Imagine you are Mrs. Smith’s lawyer, and you have promised to execute the terms of her will after
she dies. Years ago she had you draw up a will leaving her substantial fortune to a famine relief
fund. When she dies and you go through her papers, however, you find a more recent, legally
binding will, written and signed by Mrs. Smith herself, in which she bequeaths all her money to her
lazy niece, who (you know) will spend it on beer and Beanie Babies. No one else knows of the
later will, but by law a later will supplant an earlier one.
A. Explain, thoroughly, the relevant aspects of Kant’s and Mill’s theories. In other words, what
would Kant and Mill think is (morally) at stake in this scenario?

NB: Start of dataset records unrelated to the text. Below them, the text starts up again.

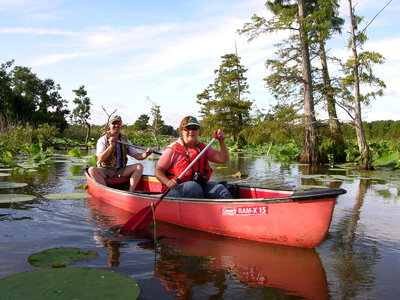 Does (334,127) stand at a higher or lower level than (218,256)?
higher

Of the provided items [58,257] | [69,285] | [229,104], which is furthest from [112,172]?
[229,104]

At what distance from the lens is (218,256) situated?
3170mm

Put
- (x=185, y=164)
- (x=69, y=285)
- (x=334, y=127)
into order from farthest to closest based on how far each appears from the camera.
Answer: (x=334, y=127), (x=185, y=164), (x=69, y=285)

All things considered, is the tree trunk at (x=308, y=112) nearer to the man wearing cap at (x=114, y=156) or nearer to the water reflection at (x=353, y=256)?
the man wearing cap at (x=114, y=156)

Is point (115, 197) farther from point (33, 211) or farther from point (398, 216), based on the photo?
point (398, 216)

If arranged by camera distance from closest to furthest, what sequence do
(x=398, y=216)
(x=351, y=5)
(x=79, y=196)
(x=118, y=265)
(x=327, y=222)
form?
(x=118, y=265), (x=327, y=222), (x=398, y=216), (x=79, y=196), (x=351, y=5)

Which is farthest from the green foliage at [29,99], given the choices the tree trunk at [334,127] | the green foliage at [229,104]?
the tree trunk at [334,127]

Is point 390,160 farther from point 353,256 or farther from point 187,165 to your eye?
point 187,165

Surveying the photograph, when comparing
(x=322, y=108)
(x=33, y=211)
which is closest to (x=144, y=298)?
(x=33, y=211)

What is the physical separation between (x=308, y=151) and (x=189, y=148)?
953 cm

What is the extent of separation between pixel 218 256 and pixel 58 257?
137 centimetres

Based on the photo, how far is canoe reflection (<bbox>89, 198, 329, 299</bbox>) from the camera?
8.37 feet

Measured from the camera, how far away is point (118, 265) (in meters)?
2.85

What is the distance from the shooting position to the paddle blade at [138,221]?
3898mm
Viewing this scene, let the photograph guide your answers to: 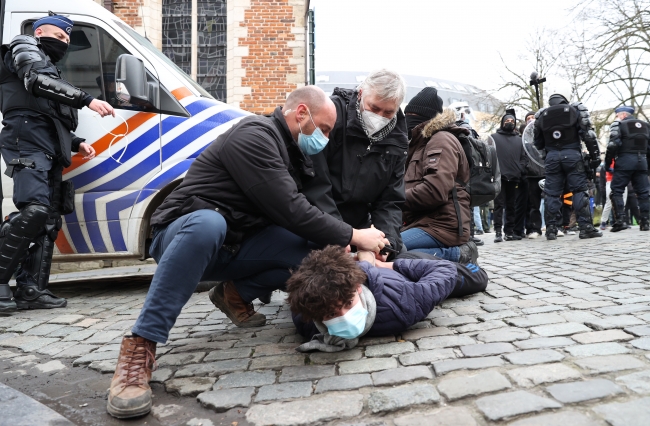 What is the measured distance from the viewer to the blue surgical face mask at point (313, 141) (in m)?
3.14

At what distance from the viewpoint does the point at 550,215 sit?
8.51m

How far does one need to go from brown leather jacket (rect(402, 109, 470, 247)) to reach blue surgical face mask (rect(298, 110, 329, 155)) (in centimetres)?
130

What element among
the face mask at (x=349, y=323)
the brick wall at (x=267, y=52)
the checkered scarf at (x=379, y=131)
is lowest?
the face mask at (x=349, y=323)

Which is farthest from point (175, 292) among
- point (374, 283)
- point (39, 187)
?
point (39, 187)

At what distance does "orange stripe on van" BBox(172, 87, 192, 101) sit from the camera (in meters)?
5.09

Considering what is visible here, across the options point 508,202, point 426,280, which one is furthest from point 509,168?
point 426,280

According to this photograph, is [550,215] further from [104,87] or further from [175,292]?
[175,292]

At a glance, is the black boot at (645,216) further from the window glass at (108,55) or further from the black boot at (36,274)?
the black boot at (36,274)

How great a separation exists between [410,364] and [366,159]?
55.6 inches

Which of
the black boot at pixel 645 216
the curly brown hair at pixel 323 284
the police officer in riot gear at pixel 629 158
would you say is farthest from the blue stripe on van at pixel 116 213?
the black boot at pixel 645 216

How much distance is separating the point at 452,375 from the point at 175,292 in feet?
4.16

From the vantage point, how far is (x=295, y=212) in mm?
2818

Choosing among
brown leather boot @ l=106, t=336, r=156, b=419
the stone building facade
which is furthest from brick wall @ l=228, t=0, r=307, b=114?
brown leather boot @ l=106, t=336, r=156, b=419

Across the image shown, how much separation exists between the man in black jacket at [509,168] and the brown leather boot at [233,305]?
251 inches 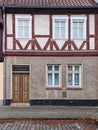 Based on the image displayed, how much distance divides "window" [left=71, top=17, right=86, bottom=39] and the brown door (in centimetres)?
442

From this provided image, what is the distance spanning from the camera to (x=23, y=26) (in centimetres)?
2938

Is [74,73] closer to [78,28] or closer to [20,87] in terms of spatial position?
[78,28]

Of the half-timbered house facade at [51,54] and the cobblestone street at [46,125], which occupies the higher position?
the half-timbered house facade at [51,54]

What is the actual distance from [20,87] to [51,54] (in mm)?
3166

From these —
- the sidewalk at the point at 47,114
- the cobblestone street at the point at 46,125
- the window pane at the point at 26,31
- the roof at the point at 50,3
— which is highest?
the roof at the point at 50,3

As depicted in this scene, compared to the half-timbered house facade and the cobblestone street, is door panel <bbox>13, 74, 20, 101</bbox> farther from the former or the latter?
the cobblestone street

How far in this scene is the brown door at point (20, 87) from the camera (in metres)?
29.2

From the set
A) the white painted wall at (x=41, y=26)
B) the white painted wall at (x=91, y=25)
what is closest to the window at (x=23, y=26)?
the white painted wall at (x=41, y=26)

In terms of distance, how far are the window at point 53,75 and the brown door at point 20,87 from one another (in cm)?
154

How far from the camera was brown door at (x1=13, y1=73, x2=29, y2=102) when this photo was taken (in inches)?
1150

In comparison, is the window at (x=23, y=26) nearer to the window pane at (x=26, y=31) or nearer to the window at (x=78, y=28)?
the window pane at (x=26, y=31)

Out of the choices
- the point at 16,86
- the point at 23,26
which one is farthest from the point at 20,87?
the point at 23,26

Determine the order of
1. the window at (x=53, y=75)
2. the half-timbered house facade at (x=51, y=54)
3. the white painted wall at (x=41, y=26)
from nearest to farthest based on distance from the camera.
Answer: the half-timbered house facade at (x=51, y=54) < the white painted wall at (x=41, y=26) < the window at (x=53, y=75)

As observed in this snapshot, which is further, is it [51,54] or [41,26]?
[41,26]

B. From Kant’s perspective: Should you execute the later will? Or should you secretly destroy it,
act as if it never existed, and carry out the terms of the earlier one (giving the money to famine
relief)? Why? From Mill’s perspective: Should you execute the later will? Or should you secretly
destroy it, act as if it never existed, and carry out the terms of the earlier one (giving the money
to famine relief)? Why?
C. Make an argument explaining which philosopher gives the better moral guidance and which
gives the worst. What’s something that you would change to ameliorate the “worse” theory? Be
sure to thoroughly explain your assessments here.